Tag: L.A. Philharmonic

New Video: Lisel’s Gorgeous Visuals for Ethereal Debut Single “Ciphers”

Perhaps best known as one-half of the acclaimed JOVM mainstays Pavo Pavo, multi-instrumentalist, singer/songwriter, producer and experimental artist Eliza Bagg has spent the last few years developing a prolific career in her own rite, collaborating with Helado Negro, Julianna Barwick, John Zorn, and Caroline Shaw and performing in avant-garde operas by Meredith Monk with the L.A. Philharmonic.

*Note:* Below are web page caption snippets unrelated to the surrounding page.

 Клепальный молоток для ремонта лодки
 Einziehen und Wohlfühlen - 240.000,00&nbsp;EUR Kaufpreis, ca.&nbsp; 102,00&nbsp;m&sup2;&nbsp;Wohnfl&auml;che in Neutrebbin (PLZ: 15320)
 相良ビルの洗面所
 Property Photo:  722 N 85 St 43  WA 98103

Bagg has stepped out further as a solo artist with her latest recording project Lisel, which grew from Bagg’s desire to turn inwards as a way to get in touch with her own sense of authenticity. “I had found space in the classical world that made sense for me,” says Bagg, “but I realized I needed to make something that was truly mine, that sprung from my own voice.” Naturally, that realization led to a year-long writing and recording process with Bagg waking up every morning to spend time alone with just a microphone and her computer.

“My main instrument is my voice, not a keyboard or a guitar, so I wanted it to be the genesis of every song,” Bagg explains. “I was trying to use the resources I had within me, within my body, to make something that feels true about the way we live our lives now, in 2019. That’s why I wanted to focus on my voice-I wanted each song to be literally made out of me.”

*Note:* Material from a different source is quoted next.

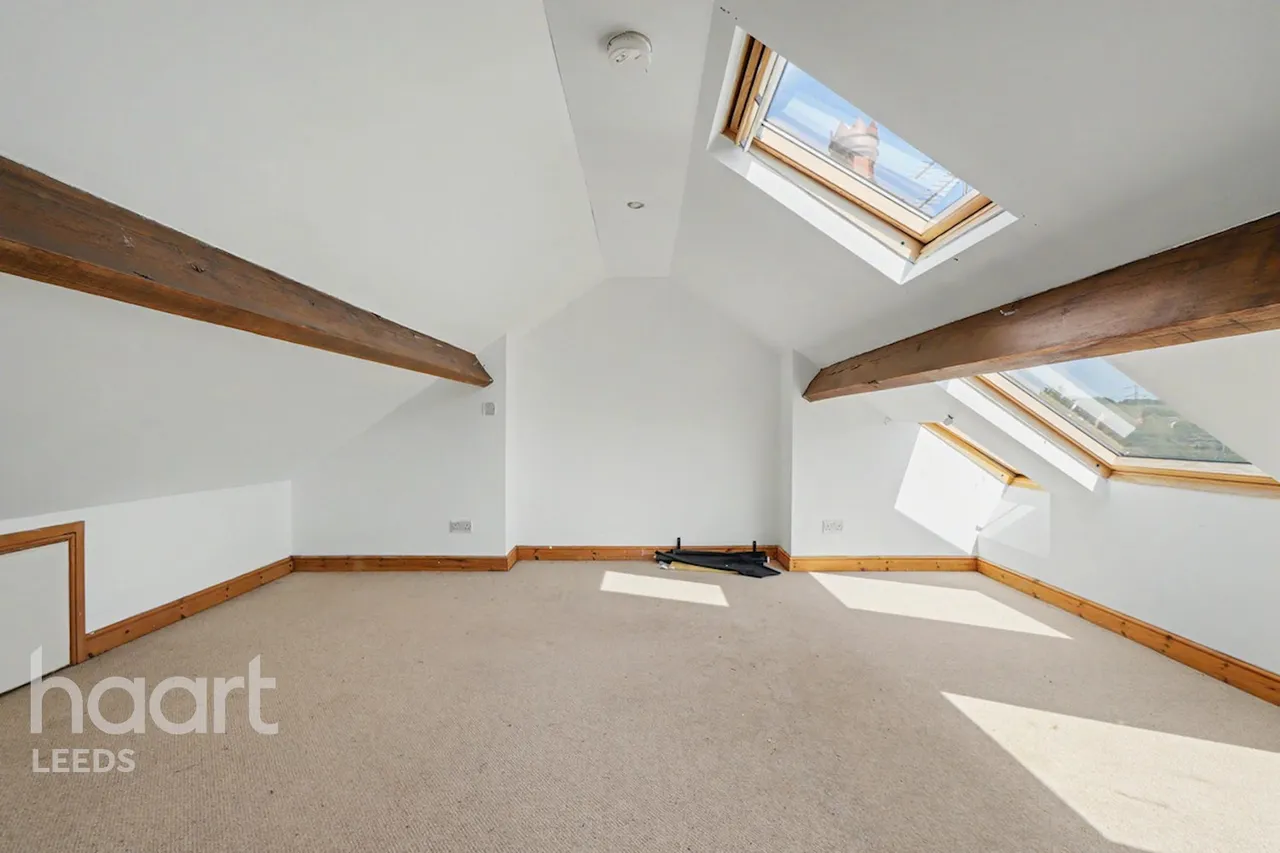 Station Road, Leeds, LS25, photo 9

Bagg’s debut Lisel single “Ciphers” is an ethereal song built around a spectral arrangement of shimmering synths, flute, glitchy beats and Bagg’s vocals, which manage to be intimate, crystalline and achingly tender — with a plaintive yearning. Directed by Jing Niu, the accompanying video is a hazy and feverish dream that emphasizes the song’s plaintive and yearning quality.

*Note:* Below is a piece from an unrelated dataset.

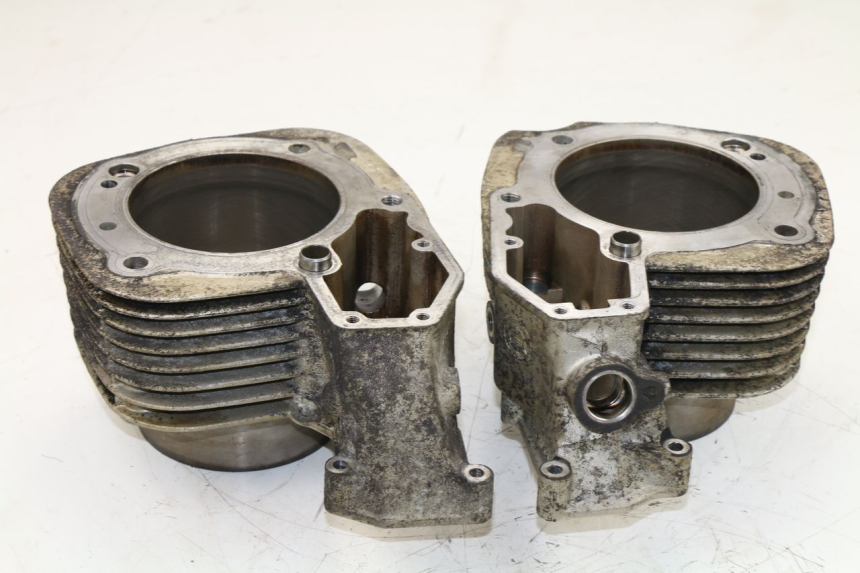 photo de ZYLINDER KOLBEN BMW R RT ABS 1100 (1996 - 2001) - Zoom auf Komponenten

“The word cipher has two meanings — it can be a coded message, but it can also be an empty hole, a zero,” Bagg says of her latest single. “The song is about the haunting uncertainty in the pathways that have been set out before you, and realizing these courses have become more ambiguous and disorienting than you thought – at best entangled, at worst empty. There’s also, however, the glimmer of trying to find authenticity within that reality – the background choir serving as the basis for the song is simultaneously pure and glitchy, faulty but still true.” Adds Bagg, “The video is set in three surreal, manufactured landscapes: a celestial beach next to a reflection pool, a dark space where a shadow figure mimics and supports my movement, and a river of red silk. My identity is echoed in the pool and splintered in the shadow figure.”

 

Comprised of Riley Mulherkar (trumpet), Zubin Hensler (trumpet), Andy Clausen (trombone) and Willem de Koch (trombone), New York-based instrumental act The Westerlies have developed a reputation for crafting compositions that possess elements of jazz, classical and chamber music, done with a self-assured swagger and a mischievous wit. Interestingly, the quartet can  actually trace their origins to their birthplace of Seattle, WA where the members of the band were both childhood friends and occasional musical rivals, competing against each other in local and regional competitions — but despite the fact that they all grew up in the same city,  each performer/composer has a unique and diverse musical background that winds up influencing their songwriting approach. In fact, observers and fans of the act have noted that in each individual composition, you can hear that song’s composer gently pulling the entire band towards his own tastes, with the band following along.

Adding to the uniqueness of the project, each member independently moved to New York, which led to the old friends and rivals reconnecting and performing together while they studied at Juilliard and the Manhattan School of Music.

Produced by Grammy-winning producer Jesse Lewis, best known for his work with Roomful of Teeth, Brooklyn Rider, Silk Road Ensemble with Yo-Yo Ma and the L.A. Philharmonic, the quartet’s self-titled sophomore effort is comprised of material composed by each member and although the members of the band had known of Lewis through his work, as it turns out Lewis went to the same Seattle high school that three members of The Westerlies went to. And as a result, the connection that the five collaborators had was deep and it allowed the members of the band to further push their compositional talents and the sonic limits of brass instrumentation.

Composed by Andy Clausen, the forthcoming sophomore effort’s first single “New Berlin, New York” is a bold layered composition that manages to possess a mischievous wit and charm and a larger than life swagger, and while being layered, the composition is spacious enough to allow each instrument and each musician to strut and stunt throughout the composition. But just underneath the bold, swaggering surface is an aching vulnerability.